この本に書かれているのも、上記の人間たちのほかにも梶井基次郎の死の床に行く気がしなくなった話や、若い時にある地方都市で布団をともにした男からの不意の手紙の話とか。残っている話と言うのが、「書き残していた話」なのかと思ったが、そうではなく書の後半の日記風エッセイで、高齢になって自分の先祖(ルーツ)探しを必死に始めることを「残っている話」として書いている。

なにしろ82歳の時の話だが、岩国(山口県)の有名人として、地元の人たちから、ルーツを書いたらという要望に応じて墓や寺や古戦場を歩き回る。どうも自家製の小麦青葉をすりつぶして飲んでいたようで、元気いっぱいだ。享年は98歳だし。
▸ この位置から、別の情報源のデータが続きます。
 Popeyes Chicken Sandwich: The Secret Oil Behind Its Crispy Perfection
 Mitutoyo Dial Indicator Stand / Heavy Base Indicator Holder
先祖は毛利家に滅亡させられた小さな大名の部下だったようで、鞍掛合戦と言われる戦史に漏れることの多い大いくさ(戦死者1500~2000名)で、兄弟の一人だけが農家として生き延びたらしい。

叙述はまさに歴史小説家といったところで、肉食の面影はない。若い時の男友達がすべて他界してしまったから枯れていったのだろうか。

とはいえ、東郷青児関連の記載は美術界の常識は、宇野が押しかけたことになっているが、宇野の書き方は逆になっている。もっとも竹久夢二の研究書によれば夢二の妻に青児が手を出そうとしたことになっていたり、ご都合主義だ。まあ、三人とも肉食家だったということだろうか。